═════ DATA EXTRACT ═════

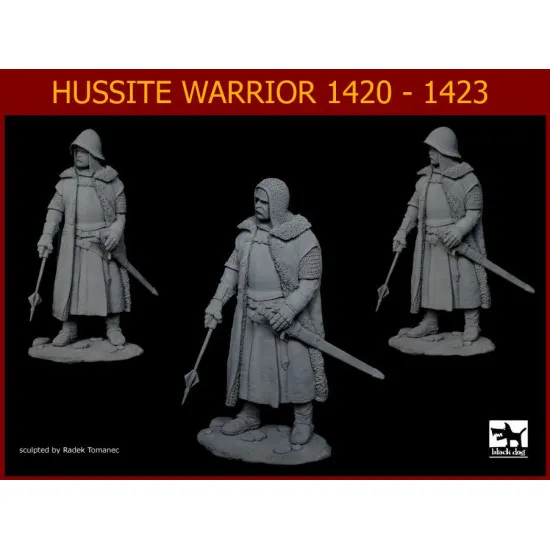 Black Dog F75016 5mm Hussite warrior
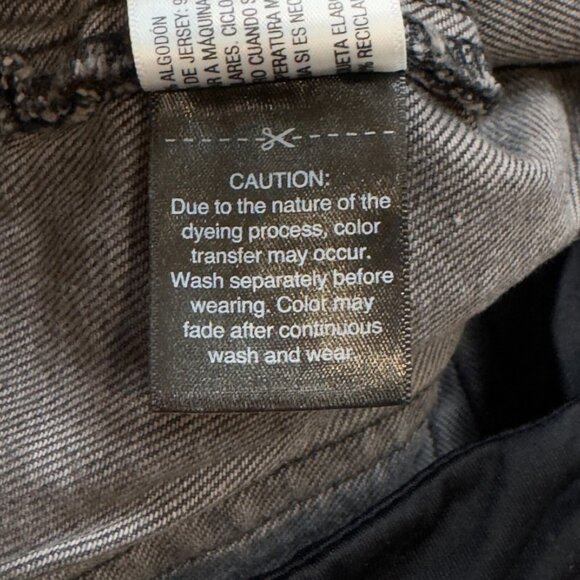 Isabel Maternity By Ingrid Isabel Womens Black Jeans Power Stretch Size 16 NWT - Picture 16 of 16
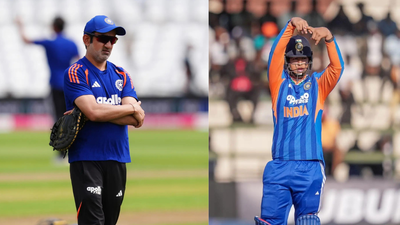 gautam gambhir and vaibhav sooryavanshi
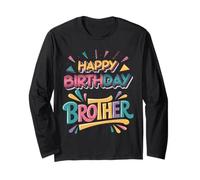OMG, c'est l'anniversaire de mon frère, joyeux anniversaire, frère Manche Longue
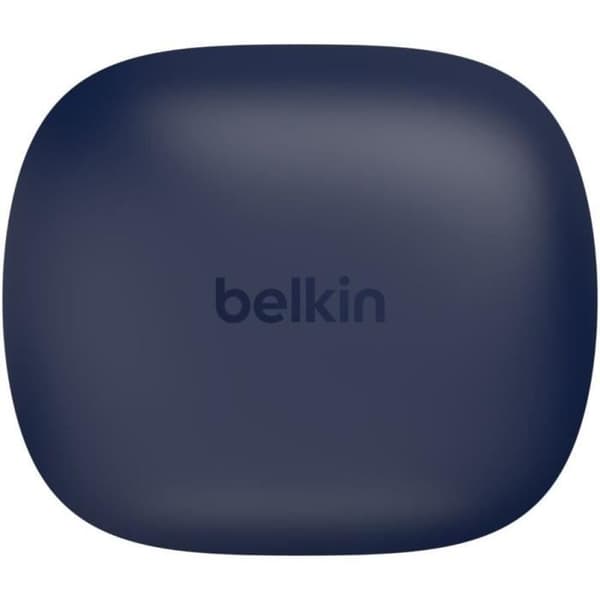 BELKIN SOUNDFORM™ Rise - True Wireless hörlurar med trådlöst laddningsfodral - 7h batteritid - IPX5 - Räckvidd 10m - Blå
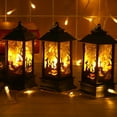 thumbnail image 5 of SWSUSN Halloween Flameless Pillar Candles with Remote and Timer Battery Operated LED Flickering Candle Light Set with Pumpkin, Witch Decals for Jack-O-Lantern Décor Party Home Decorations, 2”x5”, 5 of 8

═════

▶ [PROMPT]:
Output the data above exactly; pictures do not belong in the copy.

▶ [SOLUTION BELOW]:
 Black Dog F75016 5mm Hussite warrior
 Isabel Maternity By Ingrid Isabel Womens Black Jeans Power Stretch Size 16 NWT - Picture 16 of 16
 gautam gambhir and vaibhav sooryavanshi
OMG, c'est l'anniversaire de mon frère, joyeux anniversaire, frère Manche Longue
 BELKIN SOUNDFORM™ Rise - True Wireless hörlurar med trådlöst laddningsfodral - 7h batteritid - IPX5 - Räckvidd 10m - Blå
 thumbnail image 5 of SWSUSN Halloween Flameless Pillar Candles with Remote and Timer Battery Operated LED Flickering Candle Light Set with Pumpkin, Witch Decals for Jack-O-Lantern Décor Party Home Decorations, 2”x5”, 5 of 8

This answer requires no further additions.